Everything from the opening line of the records below through the line with "Mersin Erdemli Arpaçbahşiş" must be duplicated exactly, pictures left out.

= Task material =
━━━━━━━━

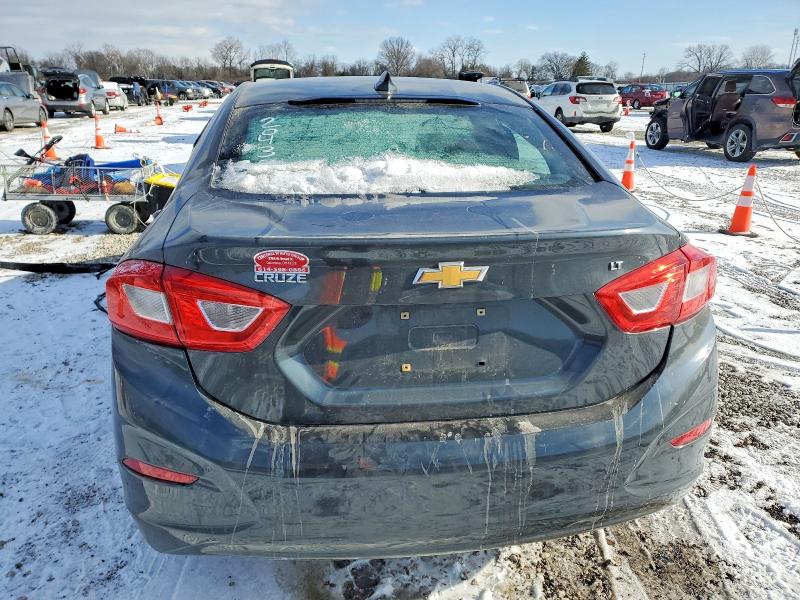 Photo 6 from auction – 2017 CHEVROLET CRUZE LT with VIN 1G1BE5SM0H7204381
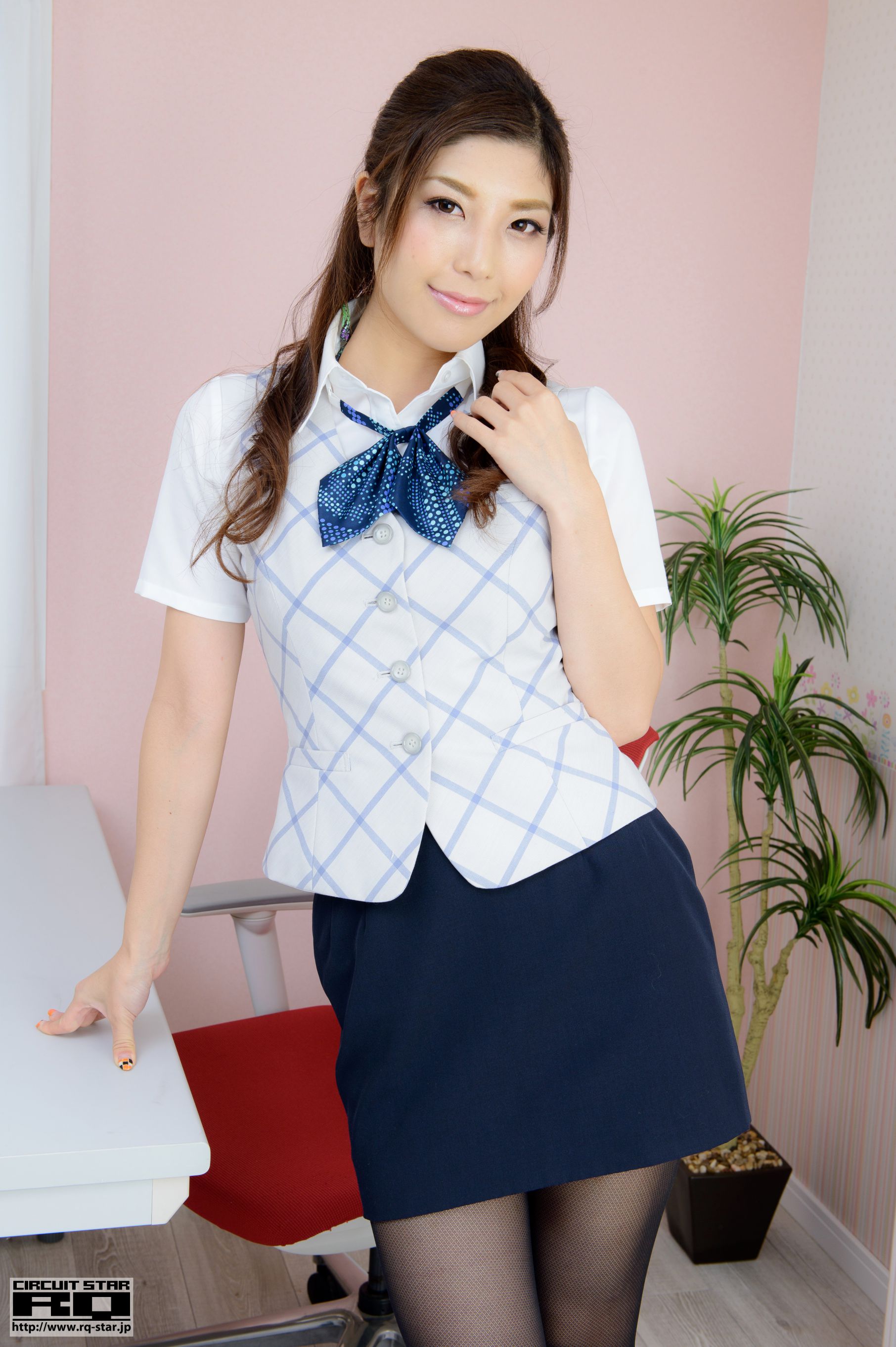 M940-[RQ-STAR] NO.00978 Tomoka Wakamatsu 若松朋加 Office Lady 黑丝OL - 94零社区 RQ-STAR-第6张
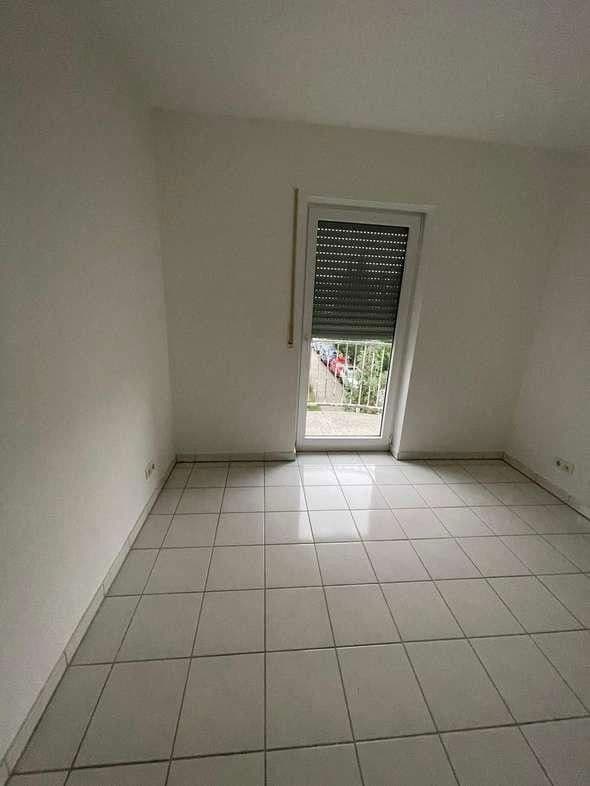 Prenájom kancelárie 90 m², Max-Planck-Str. 11, Alzenau, Bavorsko Prenájom kancelárie 90 m², Max-Planck-Str. 11, Alzenau, Bavorsko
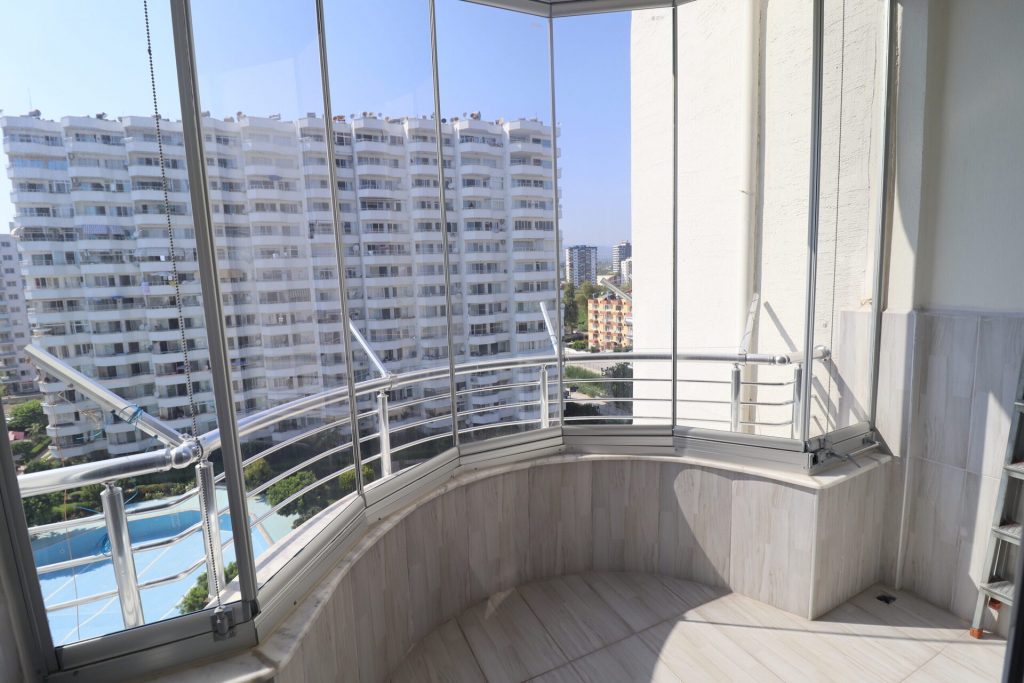 Mersin Erdemli Arpaçbahşiş Güneş 3 Sitesi Eşyalı satılık 2+1 Denize Sıfır Daire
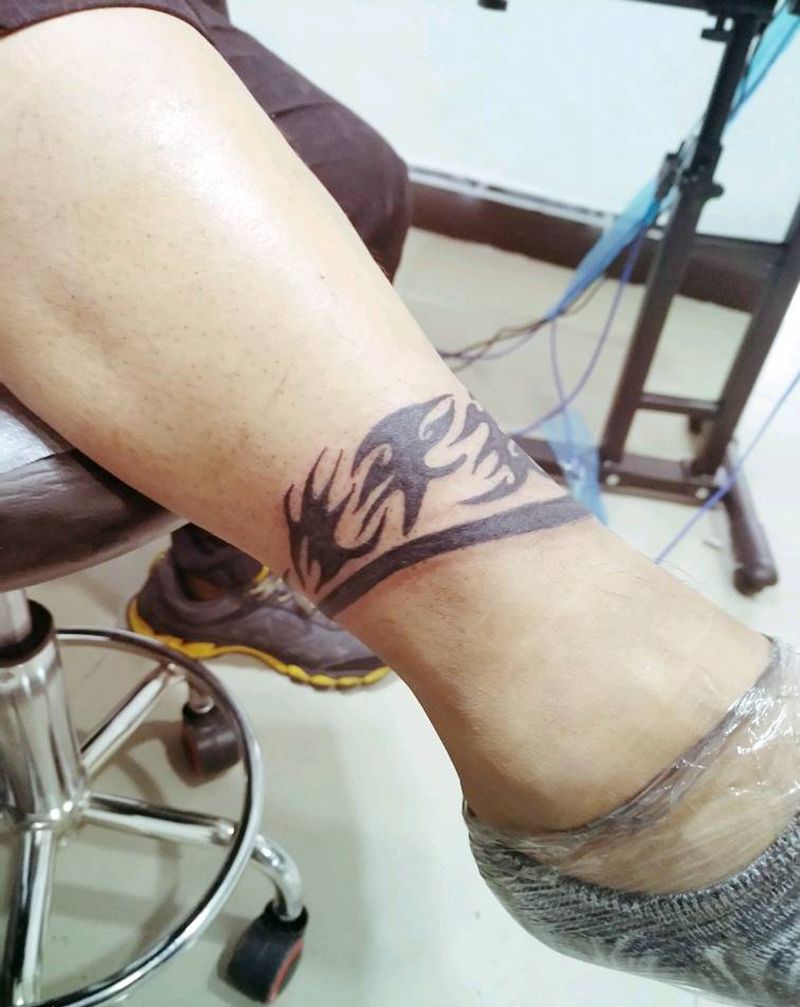 男士脚环纹身图片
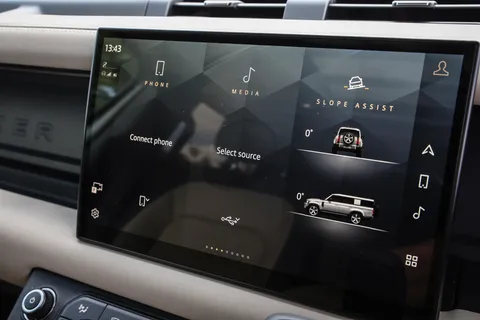 CJ73HCN Land Rover Defender 3.0 D300 X 130 5dr Auto [8 Seat] Thumbnail #40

━━━━━━━━

= Exercise result =
 Photo 6 from auction – 2017 CHEVROLET CRUZE LT with VIN 1G1BE5SM0H7204381
 M940-[RQ-STAR] NO.00978 Tomoka Wakamatsu 若松朋加 Office Lady 黑丝OL - 94零社区 RQ-STAR-第6张
 Prenájom kancelárie 90 m², Max-Planck-Str. 11, Alzenau, Bavorsko Prenájom kancelárie 90 m², Max-Planck-Str. 11, Alzenau, Bavorsko
 Mersin Erdemli Arpaçbahşiş Güneş 3 Sitesi Eşyalı satılık 2+1 Denize Sıfır Daire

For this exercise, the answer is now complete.